Par Dalila Morsly, sociolinguiste.
Analphabètes bilingues ! Cette expression voudrait caractériser, sur le mode de la stigmatisation tranchante, les compétences linguistiques — orales et écrites — des jeunes générations.
Stéréotype apparaissant régulièrement dans les conversations courantes, elle traduit, en même temps, sur le mode de l’assertion évidente teintée d’humour ou d’amertume, une condamnation de l’ensemble du système d’enseignement et de l’état culturel de la société.

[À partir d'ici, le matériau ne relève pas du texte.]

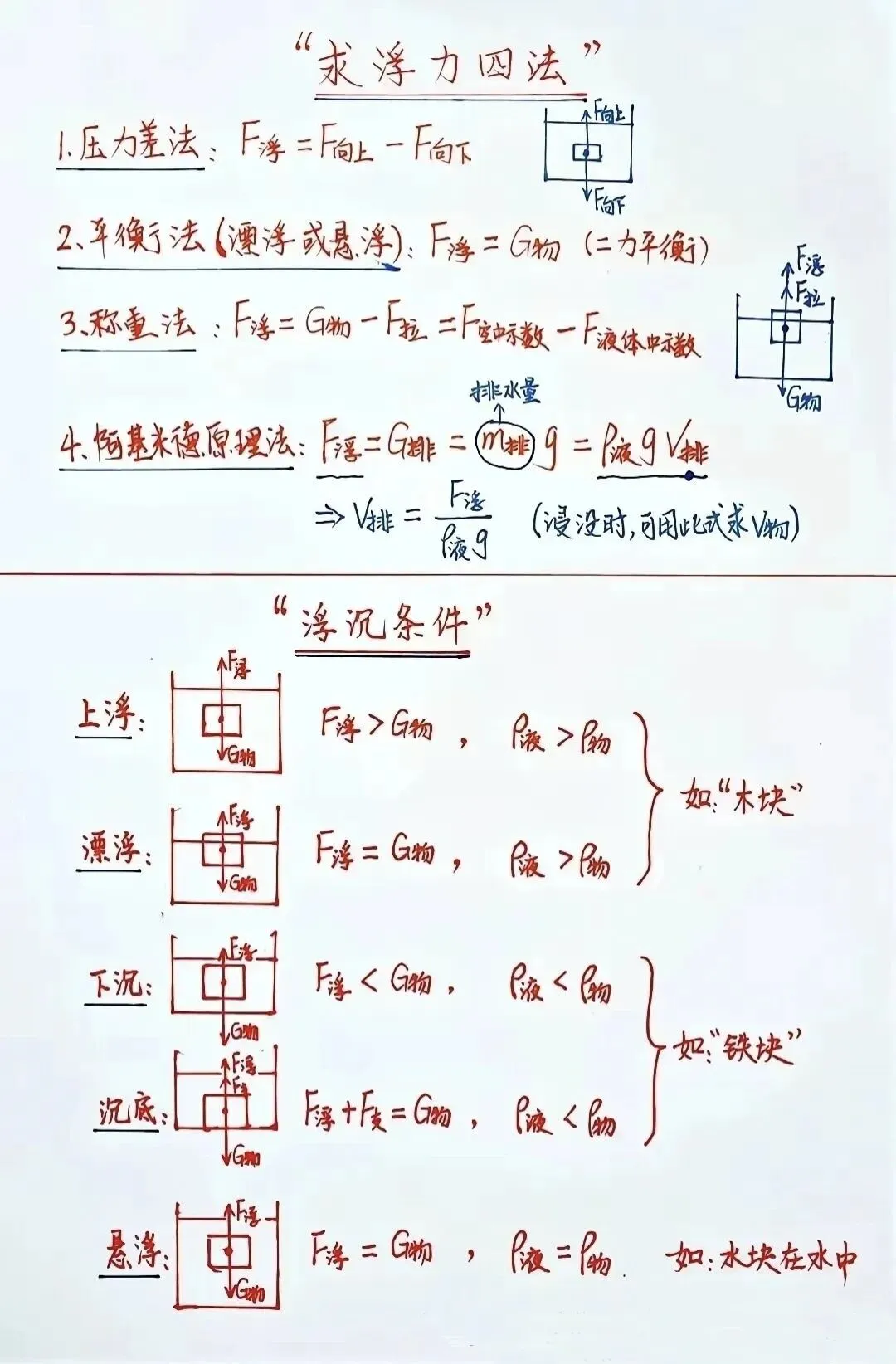 中考物理偷分技巧 第2张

Le procès ainsi instruit permet d’éviter de penser un certain nombre de questions — pourtant étudiées dans les travaux consacrés au plurilinguisme en contexte algérien par les jeunes et moins jeunes sociolinguistes, en poste dans les universités. Par exemple, cette formule péremptoire ne trahit-elle pas, plutôt, une représentation négative du bilinguisme ? Une conception normative des langues écrites et parlées en Algérie ? Une difficulté à admettre que l’évolution des pratiques linguistiques est un phénomène inéluctable et inévitable ?
La révolution — le hirak — qui, depuis un mois maintenant, transfigure nos représentations, répond à toutes ces questions, révèle avec une énergie stimulante ce que les citoyens veulent dire et écrire aujourd’hui, comment ils veulent le dire et l’écrire, c’est-à-dire avec quelles langues et variétés.
Les manifestants qui marchent avec leurs pancartes et leurs banderolles, qui déclament chansons et slogans, redécouvrent et nous communiquent le plaisir de dire, de proclamer, de jouer avec les mots et les langues, avec nos langues. Ils révèlent ainsi la dynamique des réalités langagières en cours.
– Lan-yataharar-al-watan-lam-tataharar-al-mar’a- Yasqut-al-nida:m-wa-tahya-mada :m.
– Algerpleure ; Algercrie ; Algermeurt ; Algervie ; Algerie.
– Yes we can. Ih-nezmer.
– Let us build our Algeria–klitu-ha-ya-lsara :qi :n.
– Système t’es foutu, le peuple est dans la rue.
– la-la-la-nukni-d-imazighen-la-la-la-ulach-widagh-izemren.
– klitu-al-blad-ya-saraqi :n.
– gulna :-ga 3-si-ga3.
Les productions orales ou écrites retenues ici montrent bien la variété des procédés mis en œuvre pour composer des messages percutants :
– utilisation de l’une ou l’autre des langues constitutive de la réalité linguistique algérienne ou acquise en contexte scolaire, professionnel…
– mélange (alternance disent les linguistes) de deux, trois ou quatre langues.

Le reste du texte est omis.